Built-in Type Safety?

by Thomas Guest

June 25, 2005

Summary

C++ is a statically typed language but its type system is not bulletproof. This article reveals some all-too-common type glitches and how to fix them.

Built-in Type Safety?

Introduction

C++ is statically typed. Programmers inform their compiler about the types they are using. In return the compiler warns them of any type abuse it detects. Static typing doesn't cure all known defects, of course. On occasion, a defect which appears type-related can slip through the type system undetected. This article tells the true story of two such defects. It discusses how they might have been avoided and concludes with some more general advice.

Defect One

Signal Quality

The following function lives somewhere in the middleware of the Talk-To-Me wearable computer (see Sidebar below). The Talk-To-Me, when active, polls a hardware driver for signal quality information. This driver returns a Signal, which is a simple typedef for a built-in integral type. Some variation in the signal is to be expected, depending on location, atmospheric conditions and so on; but if a more substantial change occurs then the new value must be stored in RAM and written to flash memory. That's what this function does.
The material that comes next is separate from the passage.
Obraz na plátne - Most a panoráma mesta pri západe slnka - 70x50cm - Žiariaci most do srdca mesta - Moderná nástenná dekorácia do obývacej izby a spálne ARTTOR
The Talk-To-Me Communicator

The Talk-To-Me communicator is a wearable computer. Despite its limited size and processing power it runs a range of software, including an email client, a personal organiser, and a cut-down web browser. It is an imaginary device used here to fictionalise the defects described in this article, which occurred, in real life, on a similar platform.

    /**
     * Handle a signal update.
     * If a change in the signal is detected, store the new value
     * and write it to flash. 
     */
    void
    signalUpdate(Signal update, Signal & stored)
    {
        int const tolerance = 10;
        
        bool const changed 
            = update > stored + tolerance
              ||
              update < stored - tolerance;
        
        if (changed)
        {
            flashWriteSignal(update);
            stored = update;
        }
    }

Maybe this function isn't perfect—perhaps the detection of change and subsequent action should be subfunctions, and certainly the numeric literal requires explanation—but it looks sound enough. In fact, it is so apparently sensible that the Talk-To-Me engineers are surprised when field tests reveal problems.

Problems

Writing to flash is expensive. It takes time, and, eventually, wears out the hardware. Field tests show that in poor signal conditions the Talk-To-Me is writing to flash far too often. The signalUpdate() function is to blame.

Attempted Solutions

Flash is only written to when the signal deviates by a certain amount from the previous stored value. Evidently the driver layer is reporting greater fluctuation than expected. The obvious solution is to bump up the magic number.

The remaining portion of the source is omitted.